→ AIM OF THE TASK: All entries below must be written out verbatim, and the images must be dropped.

(Items from a data source)
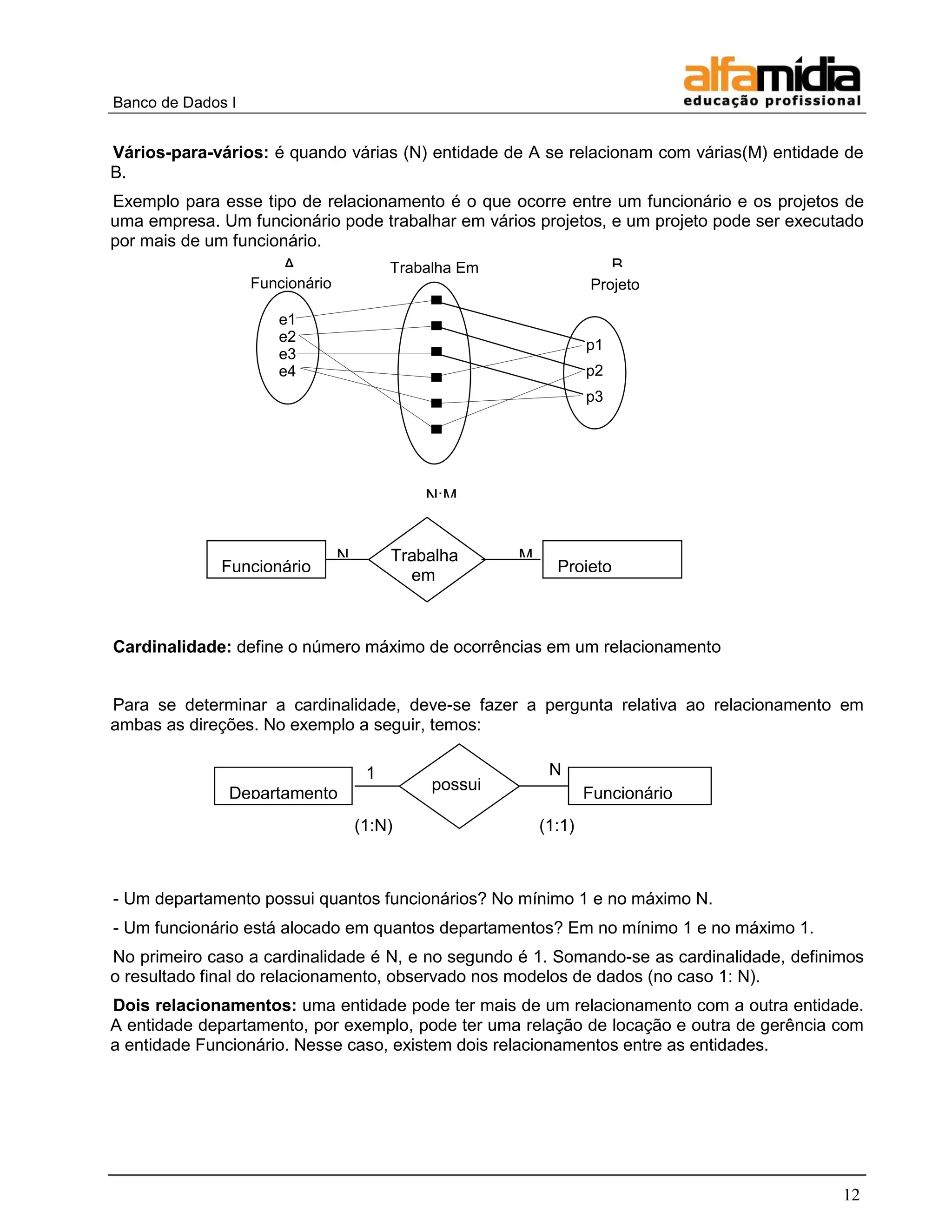 Banco de Dados I 
12 
Vários-para-vários: é quando várias (N) entidade de A se relacionam com várias(M) entidade de B. 
Exemplo para esse tipo de relacionamento é o que ocorre entre um funcionário e os projetos de uma empresa. Um funcionário pode trabalhar em vários projetos, e um projeto pode ser executado por mais de um funcionário. 
Cardinalidade: define o número máximo de ocorrências em um relacionamento 
Para se determinar a cardinalidade, deve-se fazer a pergunta relativa ao relacionamento em ambas as direções. No exemplo a seguir, temos: 
- Um departamento possui quantos funcionários? No mínimo 1 e no máximo N. 
- Um funcionário está alocado em quantos departamentos? Em no mínimo 1 e no máximo 1. 
No primeiro caso a cardinalidade é N, e no segundo é 1. Somando-se as cardinalidade, definimos o resultado final do relacionamento, observado nos modelos de dados (no caso 1: N). 
Dois relacionamentos: uma entidade pode ter mais de um relacionamento com a outra entidade. A entidade departamento, por exemplo, pode ter uma relação de locação e outra de gerência com a entidade Funcionário. Nesse caso, existem dois relacionamentos entre as entidades. 
p3 
p2 
p1 
e4 
e3 
e2 
e1 
Funcionário 
Trabalha Em 
Projeto 
A 
B 
N:M 
Funcionário 
Projeto 
N 
M1 
Trabalha em 
Departamento 
Funcionário 
1 
N 
possui 
(1:N) 
(1:1)  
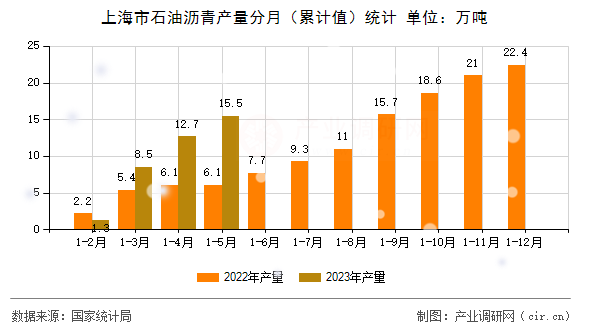 上海市石油瀝青產(chǎn)量分月（累計(jì)值）統(tǒng)計(jì)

→ SOLUTION TO THIS PROBLEM:
 Banco de Dados I 
12 
Vários-para-vários: é quando várias (N) entidade de A se relacionam com várias(M) entidade de B. 
Exemplo para esse tipo de relacionamento é o que ocorre entre um funcionário e os projetos de uma empresa. Um funcionário pode trabalhar em vários projetos, e um projeto pode ser executado por mais de um funcionário. 
Cardinalidade: define o número máximo de ocorrências em um relacionamento 
Para se determinar a cardinalidade, deve-se fazer a pergunta relativa ao relacionamento em ambas as direções. No exemplo a seguir, temos: 
- Um departamento possui quantos funcionários? No mínimo 1 e no máximo N. 
- Um funcionário está alocado em quantos departamentos? Em no mínimo 1 e no máximo 1. 
No primeiro caso a cardinalidade é N, e no segundo é 1. Somando-se as cardinalidade, definimos o resultado final do relacionamento, observado nos modelos de dados (no caso 1: N). 
Dois relacionamentos: uma entidade pode ter mais de um relacionamento com a outra entidade. A entidade departamento, por exemplo, pode ter uma relação de locação e outra de gerência com a entidade Funcionário. Nesse caso, existem dois relacionamentos entre as entidades. 
p3 
p2 
p1 
e4 
e3 
e2 
e1 
Funcionário 
Trabalha Em 
Projeto 
A 
B 
N:M 
Funcionário 
Projeto 
N 
M1 
Trabalha em 
Departamento 
Funcionário 
1 
N 
possui 
(1:N) 
(1:1)  
 上海市石油瀝青產(chǎn)量分月（累計(jì)值）統(tǒng)計(jì)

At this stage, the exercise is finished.